In the case that you are testing the software with a case, you can check the accuracy of the structure detection by Emap2sec+ by comparing the result with the known structure. This mode cannot be used in real scenarios where the native structure is not available. We usually use the mode to evaluate Emap2sec+ performance on testing dataset with known structures to verify its performance. This mode is also useful to measure the difference of the detected structure by Emap2sec+ with the structure currently assigned to the EM map.
Command line:
python3 main.py --mode=1 -F=test_example/REAL/6BJS.mrc -P=test_example/REAL/6bjs.pdb --type=3 --gpu=0 --class=4 -–fold=3 -–contour=0.006
In the Predict_Result_WithPDB/REAL/Fold3_Model_Result/[Input_Map_Name], our evaluation report will be saved in *_report.txt. Here is an example of our evaluation report of 6BJS.
Here the precision is the fraction of correct predicted structures among the specific predicted structure, while recall (also known as sensitivity) is the fraction of the total amount of the specific structure that were actually retrieved. The F1 score is the harmonic mean of the precision and recall. The support is the number of voxels with the structure label. The macro measurement means macro-averaging(taking all classes as equally important), while the micro means mirco-averaging (biased by class frequency).
Command line:
python3 main.py --mode=2 -F=test_example/REAL_Vote/5WCB.mrc --type=3 --gpu=0 --class=4 -–contour=0.0332
The example input map is included in 5WCB, which is a previous example in Emap2sec paper. This example also proves our method can work on EM maps without DNA/RNA. Our output results are saved in Real_Vote.

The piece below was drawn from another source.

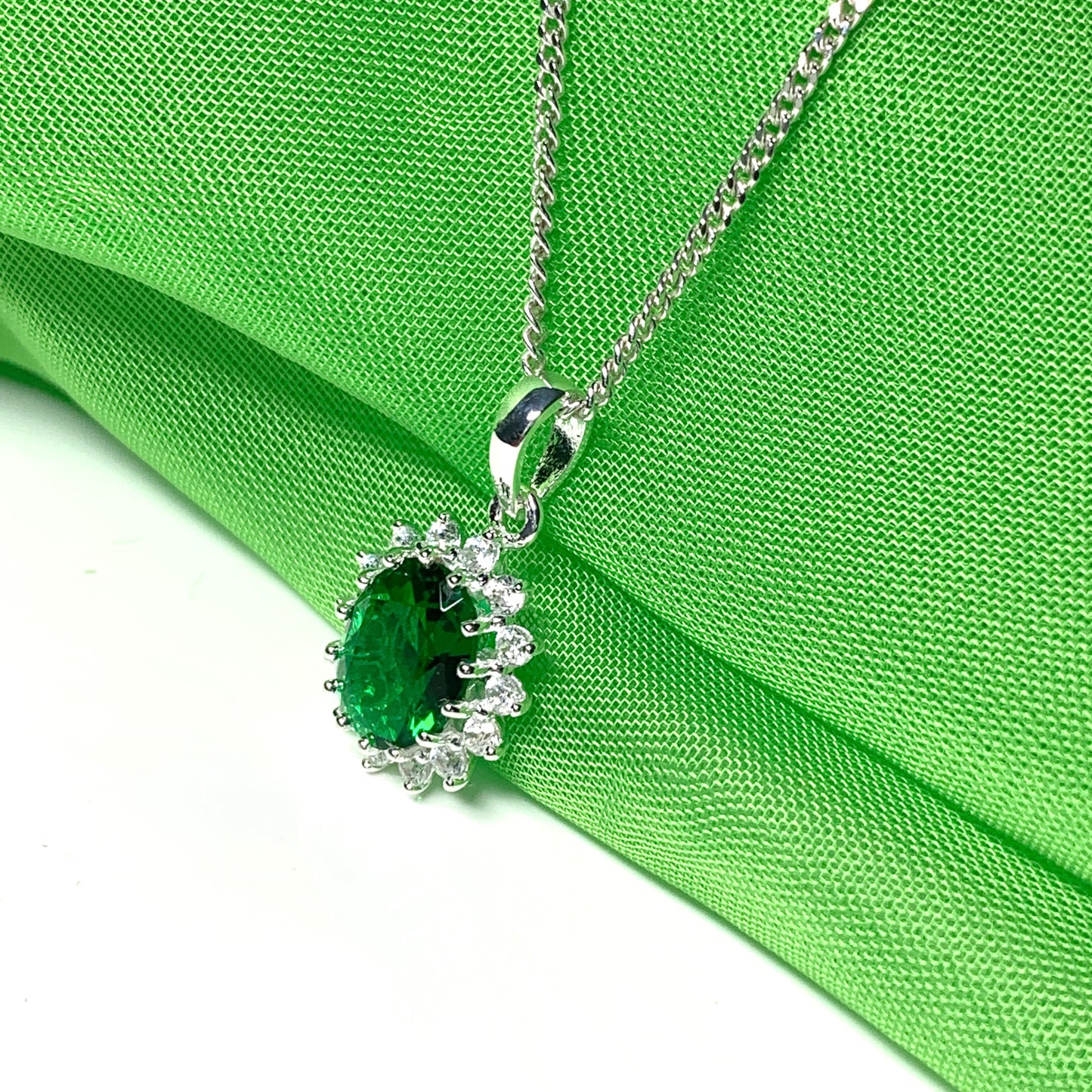 Large pendant bright green and white cubic zirconia oval cluster dress cocktail necklace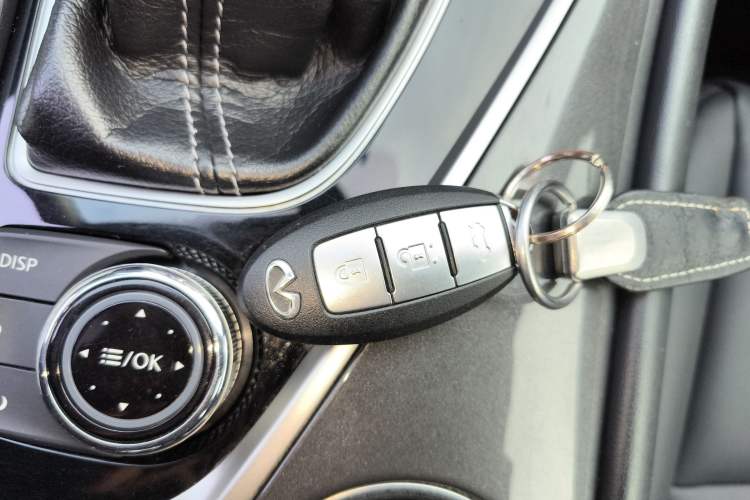 Used Infiniti Q50L 2016 2.0T Comfort Edition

Results are saved in Predict_Result/REAL/[Input_Map_Name]. Phase 1 and Phase 2 visualization results (Pymol sessions) are saved in “Phase1” and “Phase2” sub-directory, respectively. You will find generated *.pml files generated to visualize. Please use “pymol -u *.pml” to visualize the final structure detection result. If you want to only see very confident detection results, run “pymol -u *C.pml” using another visualization file named "*C.pml", which only includes confident detections with a probability>=0.9.
In the case that you are testing the software with a case, you can check the accuracy of the structure detection by Emap2sec+ by comparing the result with the known structure. This mode cannot be used in real scenarios where the native structure is not available. We usually use the mode to evaluate Emap2sec+ performance on testing dataset with known structures to verify its performance. This mode is also useful to measure the difference of the detected structure by Emap2sec+ with the structure currently assigned to the EM map.
Command line:
python3 main.py --mode=3 -F=test_example/REAL_Vote/5WCB.mrc -P=test_example/REAL_Vote/5wcb.pdb --type=3 --gpu=0 --class=4 -–contour=0.0332
In the Predict_Result_WithPDB/REAL/[Input_Map_Name], our evaluation report will be saved in *_report.txt. Here is an example of our evaluation report of 5WCB.
Here the precision is the fraction of correct predicted structures among the specific predicted structure, while recall (also known as sensitivity) is the fraction of the total amount of the specific structure that were actually retrieved. The F1 score is the harmonic mean of the precision and recall. The support is the number of voxels with the structure label. The macro measurement means macro-averaging(taking all classes as equally important), while the micro means mirco-averaging (biased by class frequency).